Chinese patent CN201710800815.1 discloses a water-based tile adhesive, which comprises the following components in percentage by weight: 20-35% of butyl acrylate, 20-30% of methyl methacrylate, 0.1-0.5% of ammonium persulfate, 1-4% of divinylbenzene, 100.1-0.5% of emulsifier OP-100, 0.5-2% of acrylic acid, 0.5-3% of sodium polymethacrylate and the balance of water. The water-based ceramic tile adhesive has strong bidirectional permeability, and can effectively solve the problems of hollowing and falling off caused by the attachment of ceramic tiles, marbles and the like on walls; however, the adhesive has poor corrosion resistance and is easy to yellow.

Disclosure of Invention

To overcome the disadvantages and shortcomings of the prior art, the present invention is directed to a high viscosity corrosion resistant water-based tile adhesive.

A high-viscosity corrosion-resistant water-based tile adhesive comprises a component A and a component B; the formula of A and B in parts by weight is as follows: 20-30 parts of heavy calcium carbonate, 8-15 parts of titanium dioxide, 3-6 parts of talcum powder, 10-15 parts of fluorosilicone modified epoxy resin emulsion and 0.5-1 part of antioxidant; 3-6 parts of waterborne epoxy resin curing agent, 2-4 parts of amino silane coupling agent and 12-18 parts of coarse whiting; before use, the components A and B are mixed in a mixing device according to the formula to form paste.

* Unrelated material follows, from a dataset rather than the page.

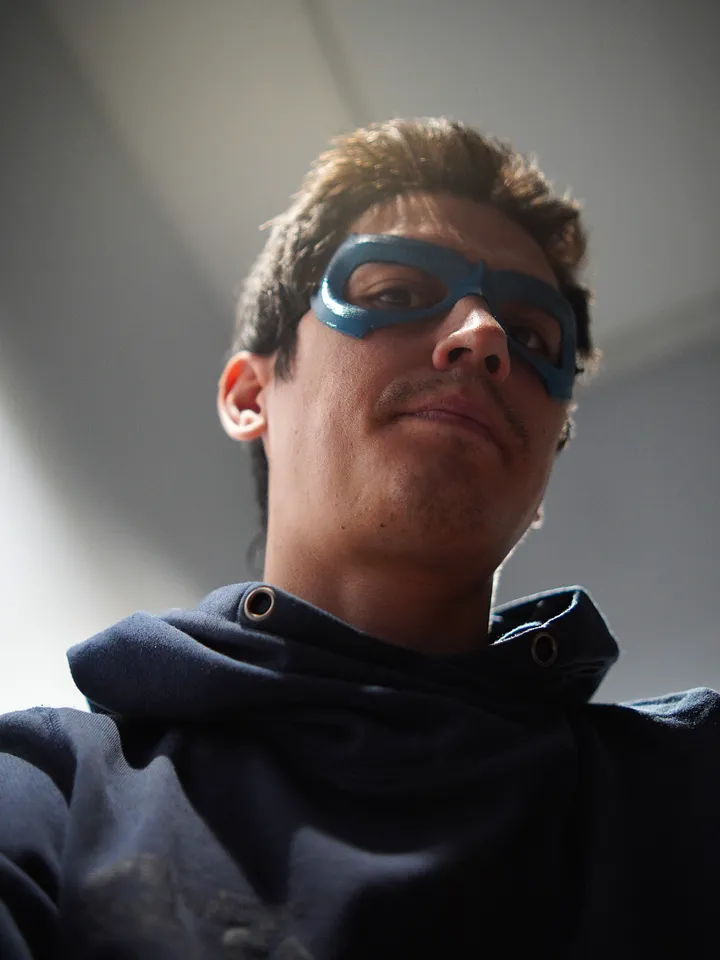 Nightwing Mask Nightwing from Batman Nightwing DC Batman mask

The fluorosilicone modified epoxy resin emulsion is prepared by the following method in parts by weight:

(1) synthesizing organic silicon modified epoxy resin: adding 10-15 parts of butanol and 22-30 parts of epoxy resin into a reactor, uniformly stirring, heating to 50-60 ℃, then slowly adding 2-4 parts of dimethyl (dimethylamino) vinyl silane into the mixture, keeping the temperature for reaction for 3-4 hours, cooling to room temperature, and distilling under reduced pressure to remove butanol to obtain the organic silicon modified epoxy resin;

(2) organic fluorine modification and hydration: adding 0.2-0.4 part of initiator, 20-25 parts of oil-water dual-purpose solvent, 8-12 parts of acrylic acid polyethylene glycol ester, 8-16 parts of trifluoromethyl glycidyl acrylate and 3-5 parts of heptafluoro-n-propyl acrylate into a dispersion cylinder, and performing ultrasonic dispersion uniformly under stirring to obtain a mixed solution; under the protection of nitrogen, adding 15-25 parts of oil-water solvent and 20-30 parts of organic silicon modified epoxy resin into a reaction device, uniformly stirring, heating to 60-80 ℃, then dropwise adding the mixed solution into the reaction device, and keeping the temperature for continuous reaction for 2-3h after the dropwise adding is finished for 3-6 h; and then cooling to 40-55 ℃, adding 40-50 parts of deionized water under high-speed stirring, carrying out heat preservation, stirring and emulsification reaction for 10-20min, and cooling to obtain the fluorosilicone modified epoxy resin emulsion.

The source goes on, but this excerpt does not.